神幸祭は「神の行幸」の意味で、広義には行幸の全体を、狭義には神社から御旅所などの目的地までの往路の過程を指す。後者の場合は目的地からの神社への復路の過程に還幸祭(かんこうさい)という言葉が用いられる。神幸祭・還幸祭と同じ意味の言葉に渡御祭(とぎょさい)・還御祭(かんぎょさい)という言葉があり、渡御祭も広義には行幸(渡御)の全体を指す。
[編集] 概要
本来は、神霊を集落内の祭壇に迎える形であったものが、祭壇が祭祀の施設として神社に発展すると、迎える行為が逆の過程の里帰りとして残り、神幸祭が行われるようになったと考えられている。このため、磐座などの降臨の地が御旅所となり、現在では元宮や元の鎮座地である場合が多い。
御旅所に向う神幸祭のおおまかな流れは
- 神輿などに神霊を移す神事
- 神社から御旅所への渡御
- 御旅所での神事や奉納(御旅所祭)
- 御旅所から神社への還御
- 神霊を還す神事
であり、この過程が数日間に及ぶ場合もある。2や4の過程において、氏子地域内を巡幸する場合が多い。御旅所などに向わない場合には、神霊が氏子地域を見回る、或いは、ある特定の場所で神事などを行うために行幸される。
神輿を巡幸のために神社の境内から出すことを宮出し(みやだし)、巡幸を終えた神輿が神社の境内に入ることを宮入り(みやいり)という。この語は、稚児や氏子から奉納される山車などが神社から出る・入る場合にも用いられる。
[編集] 渡御行列
渡御は多くの氏子が祭礼に関わることの出来る場面の一つで、神輿の担ぎ手になったり、祭礼の規模の大きなところでは山車、獅子舞や舞踊などを繰り出し行列になる。渡御行列の順序は祭礼によってまちまちであるが、行列の先頭部には先導役の猿田彦がいることが多く、その次に御幣、笠鉾、獅子、幟、高張り提灯、太鼓などの露払いの役目を持つものや先頭を示すものがあって、神輿がくることが多い。このほかには、神職、巫女、稚児、山車、獅子、舞踏などが行列に含まれる。渡御の道中は音楽的にも多様で、神職による雅楽、氏子による祭囃子や音頭などが奏でられることが多い。

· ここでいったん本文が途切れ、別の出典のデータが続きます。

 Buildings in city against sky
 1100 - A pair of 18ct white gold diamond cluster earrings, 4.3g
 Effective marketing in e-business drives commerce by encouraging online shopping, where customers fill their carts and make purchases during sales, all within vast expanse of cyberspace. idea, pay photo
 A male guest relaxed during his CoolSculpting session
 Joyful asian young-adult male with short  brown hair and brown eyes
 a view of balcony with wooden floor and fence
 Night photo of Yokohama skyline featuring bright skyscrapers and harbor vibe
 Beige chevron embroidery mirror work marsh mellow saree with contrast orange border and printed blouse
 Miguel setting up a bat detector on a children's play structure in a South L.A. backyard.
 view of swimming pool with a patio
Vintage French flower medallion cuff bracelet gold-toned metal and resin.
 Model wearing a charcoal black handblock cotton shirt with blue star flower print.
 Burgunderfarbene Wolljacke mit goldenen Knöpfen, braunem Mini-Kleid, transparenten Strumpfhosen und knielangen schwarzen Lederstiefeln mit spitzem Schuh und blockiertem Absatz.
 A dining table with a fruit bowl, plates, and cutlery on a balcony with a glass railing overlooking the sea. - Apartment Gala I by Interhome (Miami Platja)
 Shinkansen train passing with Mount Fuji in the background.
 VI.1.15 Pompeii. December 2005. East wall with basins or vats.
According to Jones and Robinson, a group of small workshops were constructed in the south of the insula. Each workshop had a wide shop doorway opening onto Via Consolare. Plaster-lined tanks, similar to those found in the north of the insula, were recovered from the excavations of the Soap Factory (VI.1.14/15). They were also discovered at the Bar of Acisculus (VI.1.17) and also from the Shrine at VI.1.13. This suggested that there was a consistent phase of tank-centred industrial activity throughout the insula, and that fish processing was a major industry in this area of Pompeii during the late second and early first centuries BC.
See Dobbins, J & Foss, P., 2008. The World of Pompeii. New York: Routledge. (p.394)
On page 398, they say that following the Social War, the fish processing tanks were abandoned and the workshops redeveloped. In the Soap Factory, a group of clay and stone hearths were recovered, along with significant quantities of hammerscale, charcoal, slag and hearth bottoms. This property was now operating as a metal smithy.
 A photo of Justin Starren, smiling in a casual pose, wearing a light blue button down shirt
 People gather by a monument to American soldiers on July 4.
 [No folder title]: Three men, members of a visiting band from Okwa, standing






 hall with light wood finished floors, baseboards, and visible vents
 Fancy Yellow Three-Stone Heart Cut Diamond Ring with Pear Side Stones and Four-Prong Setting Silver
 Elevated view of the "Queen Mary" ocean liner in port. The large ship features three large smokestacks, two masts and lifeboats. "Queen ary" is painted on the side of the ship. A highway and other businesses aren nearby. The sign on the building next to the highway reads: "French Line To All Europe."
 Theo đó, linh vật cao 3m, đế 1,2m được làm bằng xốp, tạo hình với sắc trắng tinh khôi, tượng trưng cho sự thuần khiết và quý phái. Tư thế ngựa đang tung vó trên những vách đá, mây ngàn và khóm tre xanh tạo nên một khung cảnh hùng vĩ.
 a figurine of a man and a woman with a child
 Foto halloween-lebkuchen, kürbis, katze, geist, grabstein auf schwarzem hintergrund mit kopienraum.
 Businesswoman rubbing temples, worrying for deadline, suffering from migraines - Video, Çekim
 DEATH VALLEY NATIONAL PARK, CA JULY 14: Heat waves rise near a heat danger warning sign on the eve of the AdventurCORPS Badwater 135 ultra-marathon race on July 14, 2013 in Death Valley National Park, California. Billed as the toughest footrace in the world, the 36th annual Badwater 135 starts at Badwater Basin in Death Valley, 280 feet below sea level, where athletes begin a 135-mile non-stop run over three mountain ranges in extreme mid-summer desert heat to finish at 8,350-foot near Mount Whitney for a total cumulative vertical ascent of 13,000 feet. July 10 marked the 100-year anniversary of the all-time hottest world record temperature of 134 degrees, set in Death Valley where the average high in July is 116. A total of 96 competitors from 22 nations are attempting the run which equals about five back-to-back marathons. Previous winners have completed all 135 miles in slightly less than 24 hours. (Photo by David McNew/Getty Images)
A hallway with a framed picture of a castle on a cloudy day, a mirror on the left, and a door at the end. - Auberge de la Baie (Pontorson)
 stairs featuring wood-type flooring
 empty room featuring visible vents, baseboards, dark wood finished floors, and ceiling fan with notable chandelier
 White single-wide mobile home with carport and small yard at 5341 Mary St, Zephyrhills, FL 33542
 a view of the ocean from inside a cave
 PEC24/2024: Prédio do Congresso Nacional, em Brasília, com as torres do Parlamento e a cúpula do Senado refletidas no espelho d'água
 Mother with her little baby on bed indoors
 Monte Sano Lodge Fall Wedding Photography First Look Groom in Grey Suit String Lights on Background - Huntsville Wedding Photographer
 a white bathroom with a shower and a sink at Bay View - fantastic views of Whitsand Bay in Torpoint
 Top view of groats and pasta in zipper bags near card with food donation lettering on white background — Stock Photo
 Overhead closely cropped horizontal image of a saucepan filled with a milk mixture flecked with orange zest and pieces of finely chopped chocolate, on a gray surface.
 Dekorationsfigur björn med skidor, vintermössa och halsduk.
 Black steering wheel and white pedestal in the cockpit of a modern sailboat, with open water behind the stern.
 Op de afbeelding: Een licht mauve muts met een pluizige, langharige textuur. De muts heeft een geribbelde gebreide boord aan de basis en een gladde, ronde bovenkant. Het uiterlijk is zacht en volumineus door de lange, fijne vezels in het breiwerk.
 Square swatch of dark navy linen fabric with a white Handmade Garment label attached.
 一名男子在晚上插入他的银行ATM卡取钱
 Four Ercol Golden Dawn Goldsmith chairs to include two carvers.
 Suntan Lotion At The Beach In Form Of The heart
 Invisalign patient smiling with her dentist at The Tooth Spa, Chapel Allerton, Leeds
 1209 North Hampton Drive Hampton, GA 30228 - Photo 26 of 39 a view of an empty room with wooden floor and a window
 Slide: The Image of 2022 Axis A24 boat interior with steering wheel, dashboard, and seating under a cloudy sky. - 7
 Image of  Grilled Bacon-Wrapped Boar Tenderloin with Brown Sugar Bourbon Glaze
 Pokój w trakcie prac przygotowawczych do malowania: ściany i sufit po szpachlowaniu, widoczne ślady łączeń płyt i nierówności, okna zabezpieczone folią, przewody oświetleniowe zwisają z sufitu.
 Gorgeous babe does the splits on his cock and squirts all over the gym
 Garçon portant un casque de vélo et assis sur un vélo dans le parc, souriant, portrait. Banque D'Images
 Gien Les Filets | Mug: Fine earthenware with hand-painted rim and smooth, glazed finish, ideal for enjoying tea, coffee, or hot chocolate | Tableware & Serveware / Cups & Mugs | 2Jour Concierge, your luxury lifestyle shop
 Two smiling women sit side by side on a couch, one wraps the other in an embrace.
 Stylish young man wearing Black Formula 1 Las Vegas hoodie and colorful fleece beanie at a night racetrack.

行列の中で最も目を引くのは、神輿と山車、獅子舞や舞踏である。神輿は祭礼によって様々な運行のされ方があり、厳かに運行されるもの、威勢良く担がれるもの、船での渡御(船渡御)や水中で担がれるものなどがある。これら運行形態は、祭神に因んだもののほか、突発的に行われた運行形態が慣例化し、伝統になった場合もある。山車には神輿に近い依り代の役割を持ったものと奉納の風流があり、獅子舞や舞踏にも神事舞と奉納舞があるが、どちらの場合も氏子が中心に運行されており、特に奉納の場合は氏子各町が華やかさや運行形態に趣向を凝らし、競い合いっていることが多い。
渡御が夜間に行われる場合は、提灯行列が加わったり、山車に明りが灯されるなどする。